Oh and this boy is just under 30 days older then Joe Dirt


----------



## kelebek (Oct 5, 2007)

*Re: New buck in my future???*

Here is a link to -

the dam's web page - http://www.cornerstonefarm.net/paige.html

the sire's web page - http://www.cornerstonefarm.net/jer.html


----------



## Laurel_Haven (Oct 20, 2007)

*Re: New buck in my future???*

I would use him in a heartbeat and I am very fussy about my bucks. Of course I would want to get my hands on him first and check him over. But I love the fact that both his parents are from Caesar's Villa (one of my favorite herds). Yep I LOVE his bloodline. Another plus is that he is still a young guy. I would think a buck of his quality would be worth around $400. If proven with some good udders on his daughters $500. 
:thumbup:


----------



## kelebek (Oct 5, 2007)

*Re: New buck in my future???*

I absolutely love him. He really is not toooo awefully far from me - so I definately could feel him over.

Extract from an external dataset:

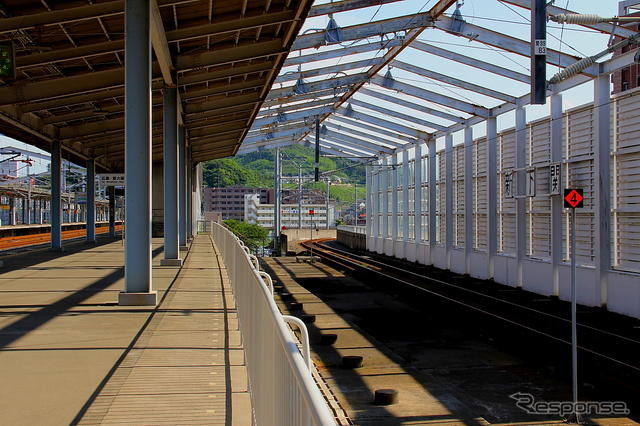 新下関新幹線ホーム付近から分岐して延びる保線基地への渡り線。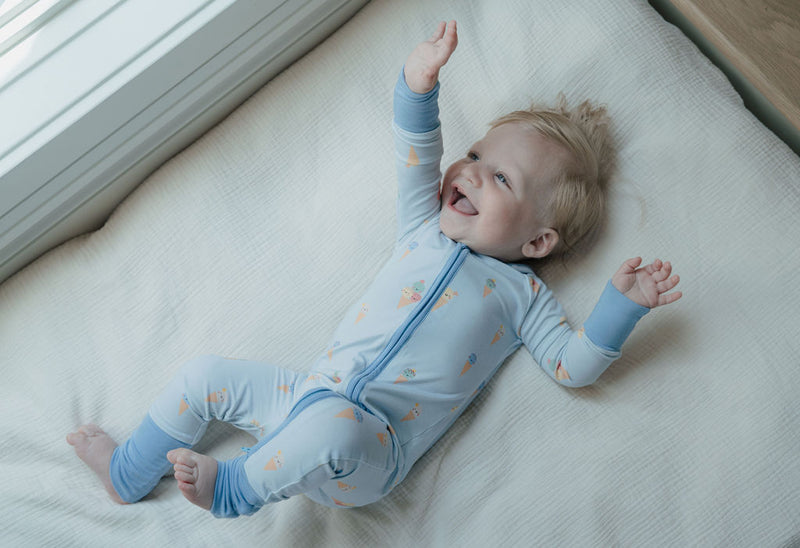 Hel kroppsbild av baby i pyjamas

I was thinking that 400 would be a good price. I am trying to find out if he has any kids on the ground yet or not. I know that he has bred a few at my friends house who has him now...


----------



## capriola-nd (Jul 6, 2008)

*Re: New buck in my future???*

Oh my goodness, I would so use him!! I'm jealous you have that chance!!  I also would want to get my hands on him and feel for conformation but he looks very nice in the photo and his lines are really great too!! I'm thinking also at least $400 but probably closer to $500 - I doubt he really has proven daughters yet, unless they are ff but I'd still use him!!


----------



## kelebek (Oct 5, 2007)

*Re: New buck in my future???*

I am going to call my friend in about 30 minutes and talk to her more about this guy.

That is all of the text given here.